Thanks to NetGalley and Knopf for the ARC!
I loved this collection. I was reminded of poems by Li-Young Lee and Louise Glück—the way small moments become sacred if they are treated as such.
Intimacy is often built on imagined shared futures—the closeness afforded by co-creating the world. Michael Ondaatje's "A Year of Last Things" instead reflects on the intimacy of shared histories, both real and imagined.
The resulting poems are quiet as everything other than love becomes non-essential. Time is merely an approximation, and the fact of what happened matters less than its emotional truth. As such, eros hums just beneath the surface of every line, often in unexpected ways. These are some of the most romantic poems I’ve read in a long time. Consider, for example, the following stanza from “The Then”:
"All that history until we met
in furious chaos when I loved first
your face, then loved how you
had become what you were"
In the way that it’s impossible to fully understand home without traveling, the collection hones in on its intimacies by constantly expanding its globetrotting scope. The landscape becomes so cluttered with significant sites that the poems become displaced—they could only be a sort of dream. Similarly, the constant appearance of other artists and historical figures calls attention to the narrator’s preoccupation with memory. Who are these people apart from how they are remembered? Who are we aside from our relationships with others?
I think the following line from the prose poem “Winchester House” conveys the clearest picture of the book’s impetus:
"It was that further intimacy that comes with trusting a fiction, a non-personal truth, going towards what you do not yet know. You will not even remember writing it."
Ultimately, this is a collection that feels like someone quietly recalling their life while sharing stories on a porch. These are moments that have been told and re-told, and nothing is lost by re-mediating life through memory. Instead, it all becomes a little truer with each iteration.

Although I've never read any of Michael Ondaatje's novels, I know they're very famous and highly praised. So it's a little funny how out of *all* the novels he's written, the first thing I've ever read from him is this poetry collection.
Overall, I adore this collection. The opening poems "Lock," "Definition," and "5 A.M" are stunning. We follow Ondaatje through his youth and through his travels, through the poems he half remembers and through the people he fell in love with. There is a nostaglic air to everything, making the whole collection seem like a wise old man telling stories about his well-lived life. However, some of the poems were clunky, perhaps due to Ondaatje's relative inexeperience to this form of writing. A wonderful, tender read nonetheless.
Thank you to NetGalley and Knopf for my eARC. All thoughts were my own.

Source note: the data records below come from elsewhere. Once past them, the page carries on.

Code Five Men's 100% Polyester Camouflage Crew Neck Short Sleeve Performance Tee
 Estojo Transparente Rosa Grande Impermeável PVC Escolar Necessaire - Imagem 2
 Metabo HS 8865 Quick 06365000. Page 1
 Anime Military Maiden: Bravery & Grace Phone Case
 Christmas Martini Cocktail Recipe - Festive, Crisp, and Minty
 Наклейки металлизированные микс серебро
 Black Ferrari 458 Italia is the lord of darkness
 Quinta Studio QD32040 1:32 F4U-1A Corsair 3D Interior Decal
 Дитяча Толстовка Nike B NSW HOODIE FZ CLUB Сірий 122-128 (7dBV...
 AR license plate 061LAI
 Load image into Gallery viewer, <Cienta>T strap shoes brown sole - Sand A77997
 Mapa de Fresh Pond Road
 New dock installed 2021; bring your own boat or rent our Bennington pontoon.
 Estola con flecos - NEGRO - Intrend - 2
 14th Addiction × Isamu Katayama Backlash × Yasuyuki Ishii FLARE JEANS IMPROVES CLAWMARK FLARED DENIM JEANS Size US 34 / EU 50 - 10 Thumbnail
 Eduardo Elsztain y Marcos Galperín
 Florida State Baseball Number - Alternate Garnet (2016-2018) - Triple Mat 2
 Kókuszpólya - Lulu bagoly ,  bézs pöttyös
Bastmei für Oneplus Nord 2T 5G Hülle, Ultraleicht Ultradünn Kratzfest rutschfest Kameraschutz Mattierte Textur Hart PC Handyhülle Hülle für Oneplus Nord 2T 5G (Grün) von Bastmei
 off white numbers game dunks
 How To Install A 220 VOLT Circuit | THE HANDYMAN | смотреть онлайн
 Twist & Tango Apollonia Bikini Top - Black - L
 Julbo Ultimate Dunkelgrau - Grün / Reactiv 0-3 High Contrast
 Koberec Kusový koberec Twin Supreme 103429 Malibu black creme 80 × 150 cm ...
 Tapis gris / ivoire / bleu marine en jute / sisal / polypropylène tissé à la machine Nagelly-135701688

Michael Ondaatje is one of my immediate read authors - anything he writes, I will read. This latest collection of poetry does not disappoint, and it was a gentle, nostalgic read. My immediate thoughts after finishing the book, was this felt like an archive of art and memory. (Although one can argue perhaps that is just what an archive is). The poems flow together like the streams, estuaries, and rivers he frequently evokes in this collection. Not only do these poems speak about a journey into the past and memory, but also journey across the globe from Japan, England, Sri Lanka, to the Holland Tunnel in New York and the bus to Fez. Although there is the theme of loss and death and moving beyond, I felt grounded and directed with each poem. Ondaatje guides through his poems by invoking and interspersing his own poems with references to films, music, and other writers. He writes within a larger tradition that traces back thousands of years, his language an echo of the language of others.
I thought this collection to be stunning and provocative in a tender way, imbued with a sense of time and memory and nostalgia. There is a sense of tenderness towards the pass, but also a fear and longing for it. As with his many other wonderful works, this did not disappoint.

From one of the most influential writers of his generation, a surprising poetry collection about memory, history, and the act of looking back.
There were pieces of this collection that I found gorgeous and quite emotionally charged. There were others (enough to outweigh the good) that felt clunky. The prose was so thick, it felt like chewing on a fatty piece of steak that could never be fully digested.
I felt that it was too flowery where it didn't need to be in places. There were also parts that were so uniquely written they immediately evoked feeling.